The centerpiece of Camp Menton was not the orchard cafeteria or the fancy dormitories. Coach Arquette led them to a building made of crumbling gray stone, with a peaked roof and a tower with a bell currently hanging silently. She led them through an echoing stone corridor, past the armory, where sword maintenance was carried out.

“The salle d’armes at Camp Menton was modeled after the Honved Fencing Club in Budapest. That was a converted synagogue, and this is a converted chapel,” announced Coach Arquette with justified pride.

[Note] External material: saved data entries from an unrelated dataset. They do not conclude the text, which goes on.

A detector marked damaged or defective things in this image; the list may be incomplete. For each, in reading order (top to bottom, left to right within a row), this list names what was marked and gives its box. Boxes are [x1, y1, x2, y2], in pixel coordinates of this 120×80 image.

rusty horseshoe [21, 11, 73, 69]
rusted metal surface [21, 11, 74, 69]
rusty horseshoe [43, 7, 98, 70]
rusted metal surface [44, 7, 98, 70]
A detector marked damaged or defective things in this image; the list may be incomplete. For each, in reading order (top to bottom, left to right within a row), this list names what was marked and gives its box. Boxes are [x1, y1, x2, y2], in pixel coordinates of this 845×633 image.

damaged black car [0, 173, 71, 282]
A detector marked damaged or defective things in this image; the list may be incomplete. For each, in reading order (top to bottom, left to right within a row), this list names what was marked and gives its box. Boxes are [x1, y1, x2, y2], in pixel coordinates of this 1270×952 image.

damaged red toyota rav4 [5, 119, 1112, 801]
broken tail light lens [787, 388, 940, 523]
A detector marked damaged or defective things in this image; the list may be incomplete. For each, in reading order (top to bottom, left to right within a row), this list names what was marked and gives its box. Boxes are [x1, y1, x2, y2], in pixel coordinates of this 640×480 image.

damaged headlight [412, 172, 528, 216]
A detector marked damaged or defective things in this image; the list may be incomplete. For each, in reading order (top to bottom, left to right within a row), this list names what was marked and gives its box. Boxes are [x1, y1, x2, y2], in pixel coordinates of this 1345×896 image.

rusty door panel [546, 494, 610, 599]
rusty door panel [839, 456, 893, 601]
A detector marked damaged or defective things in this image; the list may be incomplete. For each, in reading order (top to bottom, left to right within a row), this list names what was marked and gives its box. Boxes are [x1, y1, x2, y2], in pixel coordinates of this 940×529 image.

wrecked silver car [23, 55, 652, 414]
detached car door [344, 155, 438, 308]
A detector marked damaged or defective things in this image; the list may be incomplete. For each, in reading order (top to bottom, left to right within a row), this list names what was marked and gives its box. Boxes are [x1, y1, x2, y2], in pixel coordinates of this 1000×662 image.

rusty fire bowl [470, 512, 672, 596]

It was a cavernous space, white plaster walls curving to a ceiling stenciled with gold symbols against a blue sky, starting cerulean blue and ending in cobalt at the dome. The seats for the audience mimicked an amphitheater in ancient Rome, tiered benches enclosing the space rising up on every side. The converted floor had fixed metal pistes made of corrugated steel sheeting set into the floor, demarcated by broad swathes of smooth dark green.

“Honved also has a record number of women champions,” piped up Melodie.

Nicholas was distracted by the sight in the salle d’armes. There were fencers doing drills along each piste, their masks and fencing whites making them an anonymous, undifferentiated mass, shifting along the strips with unbelievably smooth precision. These fencers moved like the sea by the cliffside roads leading to this place only reversed: Theirs were the same fluid motions as the sea, but with white beneath and the silver of their clashing swords as the crests of the waves. Nicholas noticed that many of them were using a French grip, a different type of hilt on a fencer’s weapon that gave extra reach but allowed fencers less stability. Seiji was the only fencer he’d ever seen use a French grip before.

The training of the Camp Menton fencers was being overseen by a tall, stern man with gray eyes and graying brown hair. He paused snapping out commands to nod in their direction.